“...this work has pointed toward new genes that may influence the efficacy of current treatment...”

It is perhaps the first paper to identify gene expression patterns that are different in drug-sensitive and drug-resistant cancers, and we also showed that these patterns were able to forecast ultimate treatment outcome.

The resistance-associated genes we identified help to widen our viewpoints on potential causes of drug resistance in acute leukemia. Further, this study utilized two entirely separate patient populations treated at different institutions in different countries, to first discover and then validate these findings.

Finally, childhood acute lymphoblastic leukemia (ALL) has long served as a paradigm for developing curative treatment of disseminated cancers, so principles from this study are potentially applicable in many human malignancies.

The paper describes the discovery of a relatively small number of genes whose level of expression in leukemia cells differed significantly in drug-sensitive and drug-resistant ALL cells.

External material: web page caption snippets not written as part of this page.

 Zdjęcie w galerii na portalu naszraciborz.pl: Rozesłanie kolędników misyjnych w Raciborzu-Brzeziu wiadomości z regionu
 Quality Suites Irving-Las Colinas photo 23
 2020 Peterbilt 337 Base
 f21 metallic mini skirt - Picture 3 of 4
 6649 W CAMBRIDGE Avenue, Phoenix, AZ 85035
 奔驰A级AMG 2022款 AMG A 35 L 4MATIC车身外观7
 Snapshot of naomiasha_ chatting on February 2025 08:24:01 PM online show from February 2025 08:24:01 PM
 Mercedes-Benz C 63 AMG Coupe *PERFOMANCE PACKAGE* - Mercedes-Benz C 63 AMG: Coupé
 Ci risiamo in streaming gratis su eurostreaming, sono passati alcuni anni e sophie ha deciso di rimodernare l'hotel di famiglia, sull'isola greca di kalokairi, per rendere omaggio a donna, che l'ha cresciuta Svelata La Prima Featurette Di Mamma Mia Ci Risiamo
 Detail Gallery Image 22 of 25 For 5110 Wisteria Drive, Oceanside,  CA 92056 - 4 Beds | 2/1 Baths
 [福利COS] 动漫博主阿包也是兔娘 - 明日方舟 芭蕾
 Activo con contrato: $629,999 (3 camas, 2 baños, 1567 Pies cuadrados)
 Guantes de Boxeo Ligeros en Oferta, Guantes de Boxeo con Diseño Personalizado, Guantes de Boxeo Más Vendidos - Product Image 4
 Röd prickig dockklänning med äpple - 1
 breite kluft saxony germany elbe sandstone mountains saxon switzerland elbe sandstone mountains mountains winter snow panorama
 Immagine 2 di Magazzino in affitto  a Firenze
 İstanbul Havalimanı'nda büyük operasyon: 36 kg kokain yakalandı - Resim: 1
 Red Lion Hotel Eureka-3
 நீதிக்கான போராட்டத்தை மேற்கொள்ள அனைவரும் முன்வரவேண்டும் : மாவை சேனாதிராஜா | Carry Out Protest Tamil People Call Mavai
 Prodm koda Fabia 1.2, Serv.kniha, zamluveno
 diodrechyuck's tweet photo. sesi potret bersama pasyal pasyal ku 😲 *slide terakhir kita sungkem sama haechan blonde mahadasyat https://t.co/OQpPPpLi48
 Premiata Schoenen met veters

This research also showed that the genes associated with drug resistance differed substantially among the four mechanistically different anticancer agents studied, and that no one gene was significant for all four drugs.

In this podcast audio commentary, Dr. William E. Evans of St. Jude Children’s Research Hospital in Memphis, talks about the collaborative effort his hospital has undertaken with Erasmus MC Sophia Children’s Hospital in Rotterdam to identify gene expression patterns in childhood acute lymphoblastic leukemia (ALL) that are different in drug-sensitive and drug-resistant cancers. Podcast formats: mp3 wma

Surprisingly, only 3 of 124 genes that we found to be associated with drug resistance had been previously associated with resistance to any of these medications in any human cancer. This points to a shortcoming of "candidate gene" approaches in pharmacogenomics, illustrating that one may not know a priori many of the important genes to study.

This work has revealed new genetic insights into why some patients with leukemia are not cured by treatment that is curative in over 80% of patients with the same disease and comparable prognostic features.

At the same time, this work has pointed toward new genes that may influence the efficacy of current treatment, thereby providing new leads into potential diagnostics to help clinicians further optimize treatment.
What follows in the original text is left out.